Emilio mostró pronto un carácter enérgico y afable que hizo que en los comienzos la pastelería tuviera buena aceptación. Desde sus comienzos fue divisa de la casa la seriedad de su propietario, su puntualidad y buen trato. De él dijo Don Benito Pérez Galdós que Lhardy vino a Madrid a «poner corbata blanca a los bollos detahona». Fueron populares sus petit-choux, los éclairs, las mille-feuilles y de igual forma los brioches ycroissants.

Famoso también es su caldo, servido en samovar, y que lleva calentando a los madrileños en los frío días de invierno desde 1885. Hasta una forma de preparar el lenguado lleva su nombre “Lenguado a la Lhardy”, y célebres también son sus inimitables callos a la madrileña y su cocido madrileño servido a los tres vuelcos.
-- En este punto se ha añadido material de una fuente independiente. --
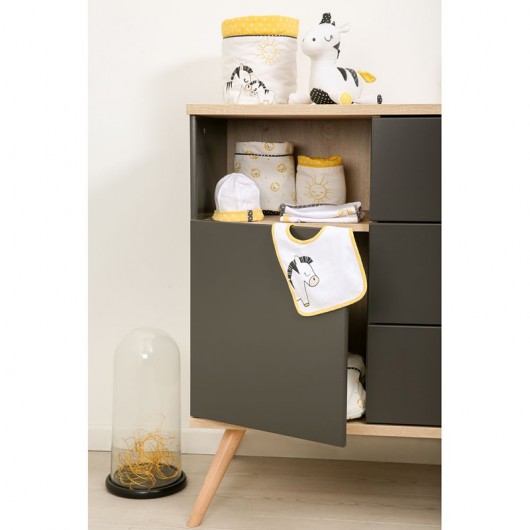 Lot de 2 bavoirs Sauthon pluche et pompon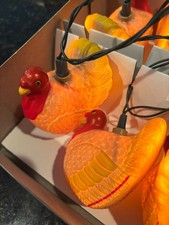 Vintage Glowin' Gobblers String of 10 Turkey Lights Working and in Original Box picture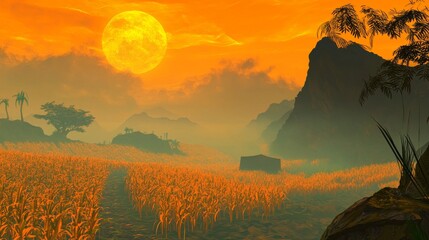 Wall Mural - Serene Sunset Over Golden Rice Field With Majestic Mountains and Vibrant Sky Reflections in Tranquil Landscape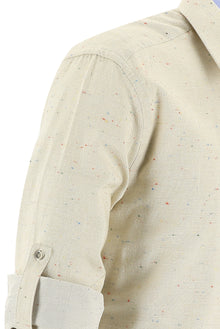 Krem Uzun Kol Regular Fit Oduncu Gömlek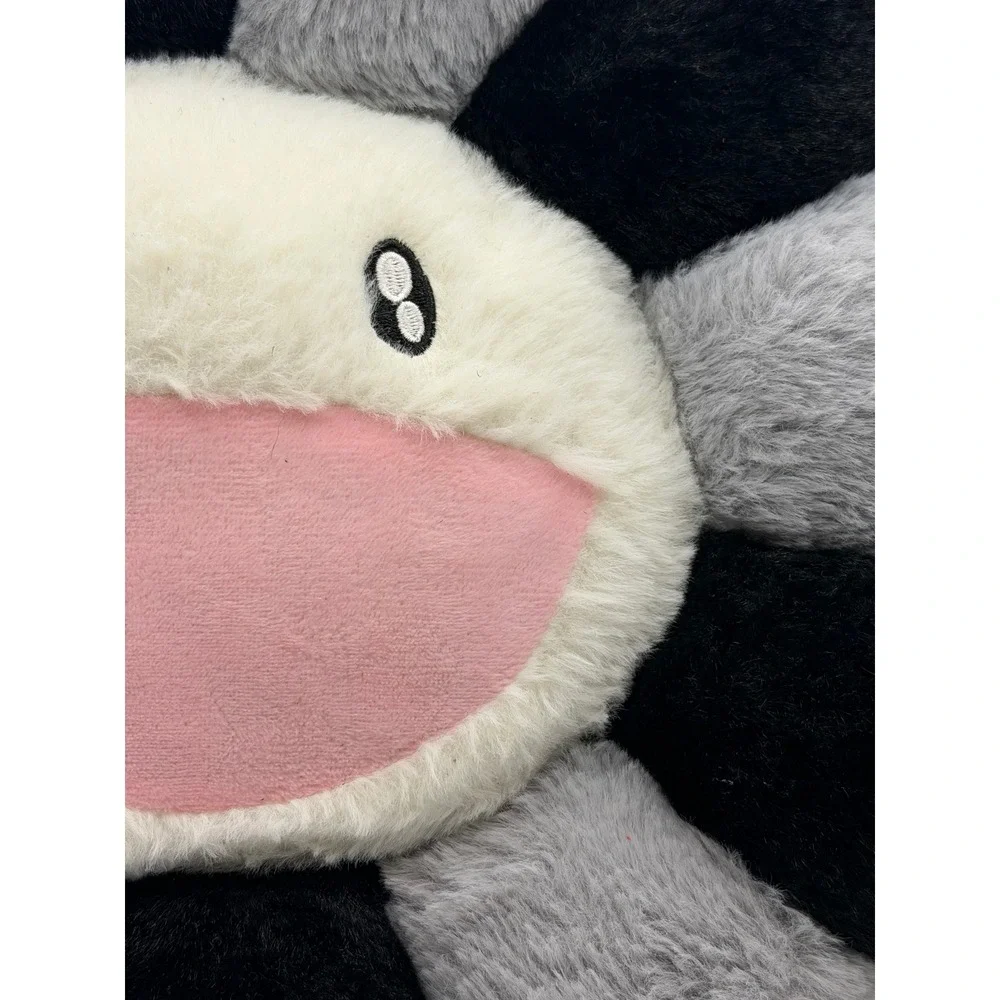 Takashi Murakami Style Flower‎ Plush Pillow Black Grey White Smiley Face Cushion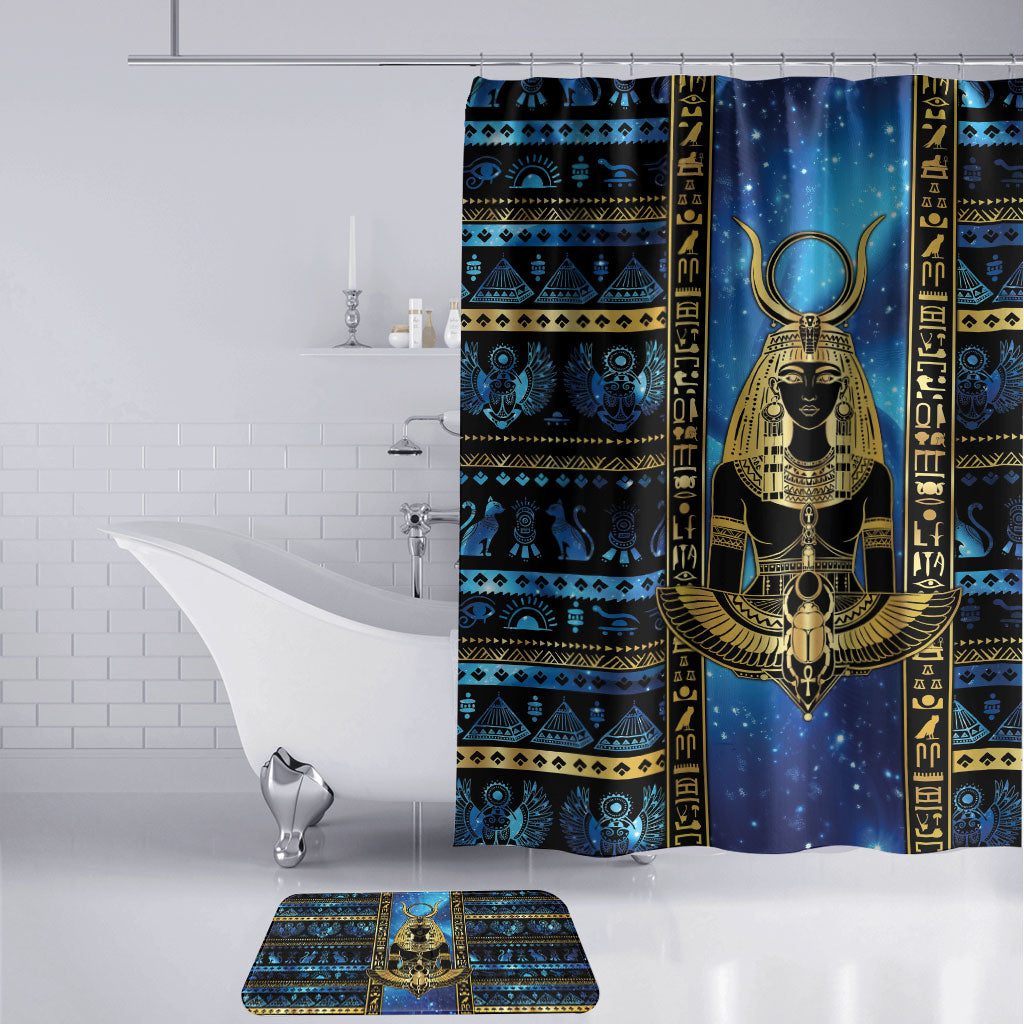 Egyptian Goddess Hathor Bathroom Set Galaxy Ancient Mythology Sun Disk Cow Horn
Naturalmente, estos manjares tienen su precio y, ya desde finales del XIX corrían por las calles de Madrid quintillas satíricas sobre el tema, como esta de Manuel del Palacio y Gil Blas.

El que en su tienda repara

en apetito se enciende

y la vista no separa;

por eso lo que nos vende

cuesta un ojo de la cara.

Desde comienzos del siglo XX, Lhardy cambia de dueño, primero al hijo de Emilio, Agustín Lhardy, y después a la nieta de aquél, pero siempre manteniéndose fiel al estilo clásico que le ha caracterizado desde su apertura allá por 1839.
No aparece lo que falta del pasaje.